The appeal filed by Umar Mohammed Nasco of the PDP was struck out by the apex court for lacking in merit.

Delivering judgement in the appeal, Justice Mary Uwani Abaji held that the Supreme Court will not tamper with the concurrent decisions of both the Court of Appeal and the state governorship election petition tribunal, which earlier dismissed the appeal against Gov. Bello’s election.

In the unanimous judgement, Justice Abaji held that the Court of Appeal was right in holding that the decision of the tribunal delivered outside the 180 days allowed by law was a nullity.

She further held that the Supreme Court has no jurisdiction to entertain the appeal and consequently struck it out for want of jurisdiction.

Nasco had challenged the election of Governor Bello at the tribunal on the ground that the governor submitted forged documents and gave false information in his form CF001 submitted to the Independent National Electoral Commission to secure clearance for the March 9, 2019 election.

The tribunal, however, failed to deliver judgement in the petition within 180 days allowed by law, prompting the Appeal Court to declare judgement of the tribunal a nullity, having been delivered outside the required period.

Similarly, the apex court, in a unanimous judgement yesterday dismissed the appeal against the election of Darius Ishaku of Taraba state.

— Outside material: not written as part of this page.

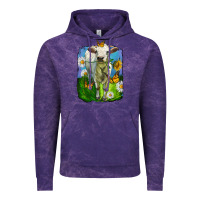Cloud Purple charolais heifer with sunflower and daisies Vintage Hoodie - LillyAllenDesigns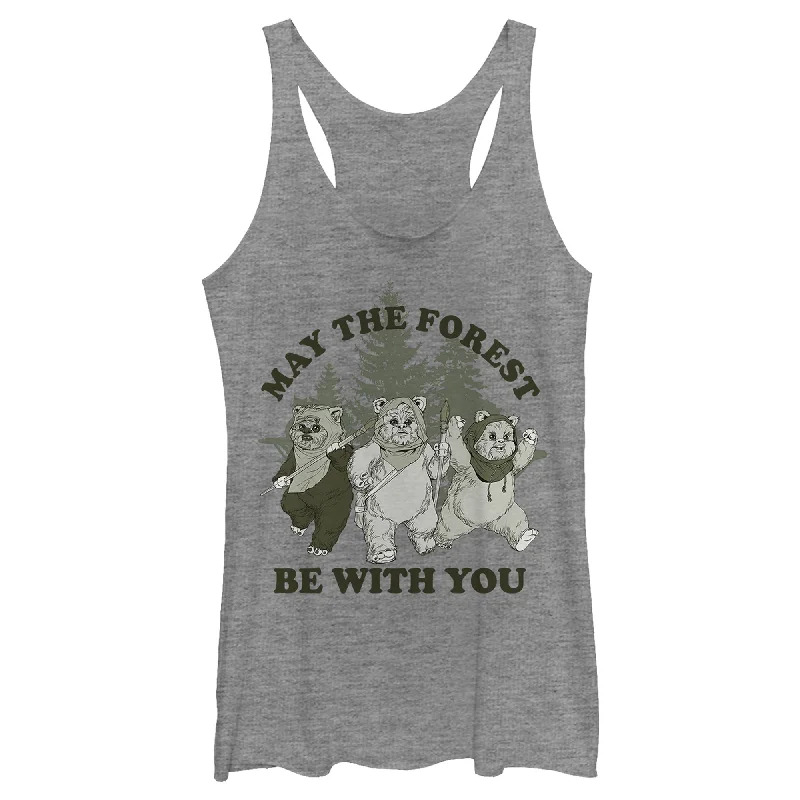 Women's Star Wars Ewok May The Forest Racerback Tank Top fashionable tank top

In a judgment read by Justice Ejembi Ekwo, the court held that the appellant, the APC cannot challenge the outcome of an election it did not field any candidate.

The court held that the appellant, whose candidate was disqualified did not participate in the March 9, 2019 governorship election in Taraba state.

“The reality of the situation is that the petition filed before the state election petition tribunal was incompetent.

“This appeal is an invitation on the apex court to embark on a wasteful exercise. This appeal, been an academic exercise is hereby dismissed “, the court held.

The court also upheld the election of Governor Okezie Ikpeazu, having dismissed the appeal by the Candidate of the All Progressive Grand Alliance (APGA), Alex Otti and his party, APGA, asking to set aside the judgment of the Court of Appeal which upheld Ikpeazu’s election.

In the judgement delivered by Justice Hamiru Sanusi, the apex court agreed with the lower courts that the appellant failed to prove the allegations in their petition against Ikpeazu’s election.

Justice Sanusi held in the unanimous judgement that the apex court cannot tamper with decisions of the lower court except where the findings are perverse or where there is a miscarriage of Justice.

According to Sanusi, “the lower court was right in dismissing the appeal,” he said and affirmed the judgement of the appellate court.